Among the lines below, copy each one in which "with" appears.

Records supplied.

▬▬▬▬▬▬▬▬▬▬

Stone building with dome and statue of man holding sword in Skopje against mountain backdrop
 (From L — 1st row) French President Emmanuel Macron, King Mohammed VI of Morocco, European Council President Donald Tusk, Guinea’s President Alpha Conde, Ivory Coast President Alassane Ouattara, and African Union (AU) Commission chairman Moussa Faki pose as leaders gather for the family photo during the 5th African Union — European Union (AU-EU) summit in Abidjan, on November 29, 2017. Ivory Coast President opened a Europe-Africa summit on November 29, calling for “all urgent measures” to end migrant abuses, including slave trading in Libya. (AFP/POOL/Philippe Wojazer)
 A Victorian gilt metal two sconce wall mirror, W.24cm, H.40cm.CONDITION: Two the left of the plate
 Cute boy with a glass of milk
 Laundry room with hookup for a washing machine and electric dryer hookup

▬▬▬▬▬▬▬▬▬▬

Written reply.
Stone building with dome and statue of man holding sword in Skopje against mountain backdrop
 Cute boy with a glass of milk
 Laundry room with hookup for a washing machine and electric dryer hookup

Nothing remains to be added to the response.